5.2.2.1.1.  Client Processing of Successful Context Creation Responses

   If the value of gss_major in the response is GSS_S_CONTINUE_NEEDED,
   then the client, per the GSS-API specification, must invoke
   gss_init_sec_context() using the token returned in gss_token in the
   context creation response. The client must then generate a context
   creation request, with gss_proc set to RPCSEC_GSS_CONTINUE_INIT.

   If the value of gss_major in the response is GSS_S_COMPLETE, and if
   the client's previous invocation of gss_init_sec_context() returned a
   gss_major value of GSS_S_CONTINUE_NEEDED, then the client, per the
   GSS-API specification, must invoke gss_init_sec_context() using the
   token returned in gss_token in the context creation response.

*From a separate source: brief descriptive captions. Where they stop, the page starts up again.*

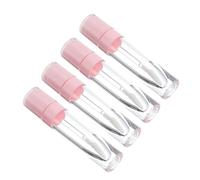 Generic 10pcs round Pink Lip Gloss Tubes Containers for DIY Lipstick Packing, Leak-proof Plastic Lip Balm Bottles Convenient to Carry for Travel and Beginner Use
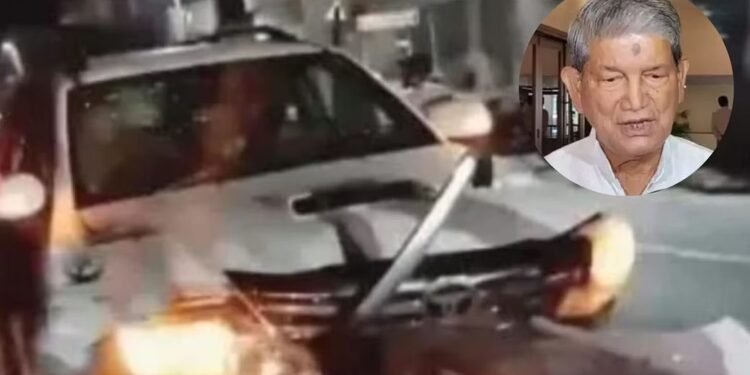 उत्तराखंड : हरीश रावत कार अपघातात जखमी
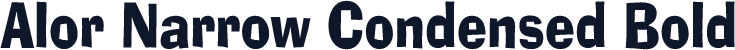 Alor Narrow Condensed Bold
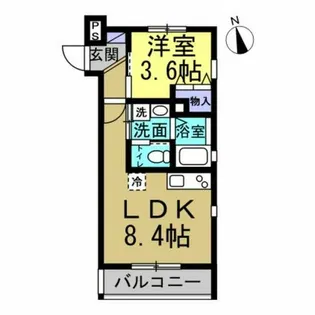 Aube【305号室】の間取り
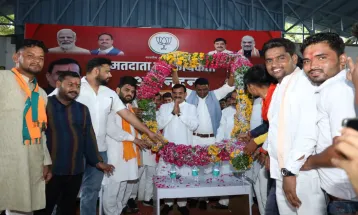 सांसद Vishnudutt Sharma ने राजनगर विधानसभा क्षेत्र के मतदाता एवं कार्यकर्ता अभिनंदन समारोह को संबोधित किया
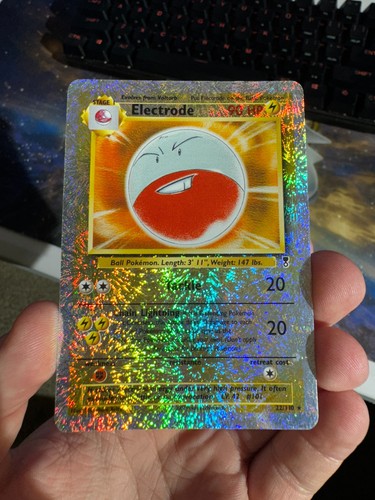 Electrode 22/110 Reverse Holo Rare Legendary Collection Pokémon Card - Picture 3 of 7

If
   gss_init_sec_context() returns GSS_S_COMPLETE, the context is
   successfully set up, and the RPC data exchange phase must begin on
   the subsequent request from the client.

5.2.2.2.  Context Creation Response - Unsuccessful Cases

   An MSG_ACCEPTED reply (to a creation request) with an acceptance
   status of other than SUCCESS has a NULL verifier (flavor set to
   AUTH_NONE, and zero length opaque data in the body field), and is
   formulated as usual for different status values.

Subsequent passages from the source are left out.